● PROVIDED INFORMATION:
=== Begin Enclosure ===

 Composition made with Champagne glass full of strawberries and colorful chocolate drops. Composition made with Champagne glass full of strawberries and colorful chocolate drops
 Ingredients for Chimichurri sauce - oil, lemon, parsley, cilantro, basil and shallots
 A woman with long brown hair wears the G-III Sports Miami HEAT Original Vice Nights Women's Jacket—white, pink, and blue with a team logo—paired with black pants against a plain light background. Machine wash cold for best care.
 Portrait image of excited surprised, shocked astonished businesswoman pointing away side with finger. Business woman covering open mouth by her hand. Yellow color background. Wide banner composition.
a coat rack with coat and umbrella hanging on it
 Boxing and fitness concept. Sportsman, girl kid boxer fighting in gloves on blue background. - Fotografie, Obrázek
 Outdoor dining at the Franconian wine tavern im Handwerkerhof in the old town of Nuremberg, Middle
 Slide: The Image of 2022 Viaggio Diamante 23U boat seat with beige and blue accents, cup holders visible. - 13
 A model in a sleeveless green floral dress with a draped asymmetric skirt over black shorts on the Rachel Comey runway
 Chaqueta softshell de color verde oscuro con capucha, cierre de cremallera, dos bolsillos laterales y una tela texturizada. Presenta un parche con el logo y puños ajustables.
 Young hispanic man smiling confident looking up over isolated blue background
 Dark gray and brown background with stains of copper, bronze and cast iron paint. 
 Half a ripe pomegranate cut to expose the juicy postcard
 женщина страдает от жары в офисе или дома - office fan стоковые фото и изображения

=== End Enclosure ===

Every line between the one holding "A model in a" and the end of the listing above, inclusive, must be transcribed exactly; omit all others.

 A model in a sleeveless green floral dress with a draped asymmetric skirt over black shorts on the Rachel Comey runway
 Chaqueta softshell de color verde oscuro con capucha, cierre de cremallera, dos bolsillos laterales y una tela texturizada. Presenta un parche con el logo y puños ajustables.
 Young hispanic man smiling confident looking up over isolated blue background
 Dark gray and brown background with stains of copper, bronze and cast iron paint. 
 Half a ripe pomegranate cut to expose the juicy postcard
 женщина страдает от жары в офисе или дома - office fan стоковые фото и изображения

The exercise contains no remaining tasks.